Особенности восприятия лоббизма в Европе

Термины "лоббизм" и "лоббисты" в Европе приживались с трудом. Во-первых, они слишком сильно ассоциировались с США; во-вторых, во многих странах традиция употребления слова "лоббизм" была связана с его негативным смыслом (в частности, в Германии и Италии).

Подобную картину можно сейчас наблюдать и в России, когда официальные лица нередко допускают использование слова "лоббизм" как синонима коррупции. Впрочем, это нс помешало тому, что в 2006 г. термины "лоббизм" и "лоббист" были впервые формально определены в так называемой "Зеленой книге", выпущенной Еврокомиссией, и вошли в официальный лексикон ЕС.

Толчком к началу лоббизма на уровне ЕС стало принятие программы Общего рынка в 1987 г. и начало ее реализации в 1992 г.

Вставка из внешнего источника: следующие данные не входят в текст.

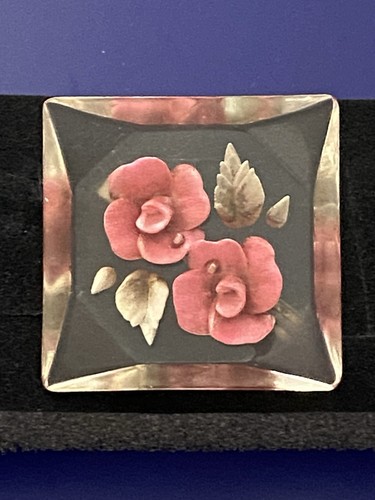Vintage lucite reverse - lucite, etched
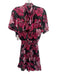 Misa Size S Black, Purple, Multi Polyester Ruffle Cap Sleeve Tie Neck Midi Dress Black, Purple, Multi / S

Затем была введена единая валюта – евро – что породило массу спорных вопросов экономического и финансового характера внутри еврозоны. По мерс реализации интеграционных решений в адрес ЕС начали звучать обвинения в "дефиците демократии", который понимался как углубление пропасти между общественными институтами и властью, а также недостаточная прозрачность в принятии решений[1]. Это заставило ЕС начать "социальный диалог", закрепленный в Маастрихтском договоре (подписан 7 февраля 1992 г.), а также декларировать политику открытости, которая выражается в абсолютной доступности органов власти и требованиями траспарентности со стороны лоббистов. Данные обстоятельства являются ключевыми для понимания политики ЕС в отношении лоббизма.

Формированием лоббизма европейского уровня в современном виде принято считать начало 1990-х гг., когда ЕС столкнулся с бумом экономического лоббирования. Именно тогда было принято неформальное решение создать индустриальные форумы с ограниченным доступом, такие как телекоммуникационный форум и фармацевтический форум, созданные Мартином Бангеманном[2]. Его замысел состоял в том, что желание обеспечить себе доступ на европейский уровень должно было побудить бизнес формировать аналогичные альянсы от случая к случаю, что к настоящему моменту признается одной из наиболее распространенных практик.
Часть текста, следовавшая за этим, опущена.